Situation in Cyprus (recent political developments)
Recommendation 1259
(1995)
- Author(s):
- Parliamentary Assembly
- Origin
- Assembly debate on 2 February 1995 (7th Sitting) (see Doc. 7206, report of the Political Affairs Committee, rapporteur: Lord Finsberg). Text adopted by the Assembly on 2 February 1995 (7th Sitting).
- Thesaurus
1. The Assembly believes that the situation in Cyprus is one of the potentially destabilising problems in the Mediterranean region. It directly concerns four member states of the Council of Europe, namely the Republic of Cyprus and the three guarantor powers of its 1960 Constitution, Greece, Turkey and the United Kingdom.
2. In all its texts adopted on Cyprus, the Assembly has expressed its unwavering support for the efforts of the Secretary General of the United Nations to reach a comprehensive settlement of the problem.
3. In August 1992, the Secretary General of the United Nations submitted a "set of ideas" to the two communities - Greek Cypriot and Turkish Cypriot - to serve as a basis for an overall framework agreement. However, the talks on this proposal showed that there was deep-seated mistrust separating the two parties. In order to overcome this, the Secretary General of the United Nations proposed, in November 1992, a series of "confidence-building measures" designed to create a new climate, more favourable to the negotiation process.
4. After more than a year of intercommunal talks, and faced with the absence of agreement between the two sides, in July 1994 the United Nations Security Council adopted
Resolution 939 in which it reiterated that the maintenance of the status quo is unacceptable and requested the Secretary General to begin consultations with the two parties, the guarantor powers and members of the Security Council.
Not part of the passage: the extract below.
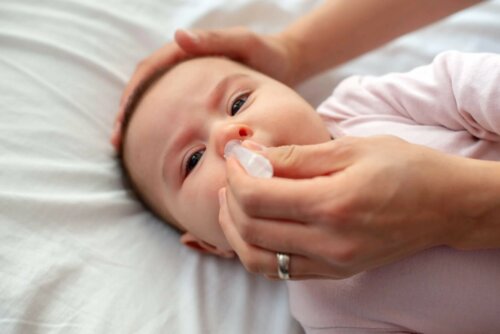 Le lavage nasal chez un bébé.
5. The Assembly welcomes the proposal for the demilitarisation of the island set out by the President of the Republic of Cyprus, and urges the Turkish Cypriot administration to give it proper consideration. Such demilitarisation would mean that Turkish troops now illegally present in the country, as resolved by the United Nations, would withdraw according to an agreed timetable.
6. The Assembly considers that the Council of Europe should continue to back the efforts of the Secretary General of the United Nations to progress towards a comprehensive solution of the Cyprus problem while preserving the unity of the island and accommodating the two communities within a federal bi-zonal state. The Council of Europe should also help to build a climate of trust between Greek Cypriots and Turkish Cypriots. Direct contacts between them are the best way of creating confidence.
7. The Assembly therefore recommends that the Committee of Ministers:
7.1 urge the political leaders of both communities to accept the proposals of the Secretary General of the United Nations forthwith and thus demonstrate that the political will for a settlement really exists by accepting at the same time all the Secretary General's proposals for implementation of the "confidence-building measures";
7.2 ask the Government of the Republic of Cyprus and the Turkish Cypriot administration to allow at the earliest possible moment the exercise of the right to free movement of persons between the two parts of the island together with all other rights and freedoms guaranteed under the European Convention on Human Rights;
7.3 invite the Government of Turkey, the Turkish Cypriot administration and the Government of the Republic of Cyprus to co-operate to allow normal international telephone and postal access to the northern part of the island;
7.4 launch an appeal to both communities to refrain from using propaganda against the other community;
7.5 invite both communities to revise, with the Council of Europe's assistance, the textbooks used in schools on both sides in order to put more emphasis on what unites the two communities than on what separates them;
7.6 promote the establishment of a climate of trust between the two communities by sponsoring practical initiatives for this purpose, in particular in the fields of culture, education, youth, sport and commerce;
7.7 play a more active role as regards the settlement of the Cyprus problem, in accordance with its Declaration of 10 November 1994 on compliance with commitments accepted by member states of the Council of Europe, and ask the Government of Turkey to co-operate in the implementation of United Nations resolutions and the rule of law.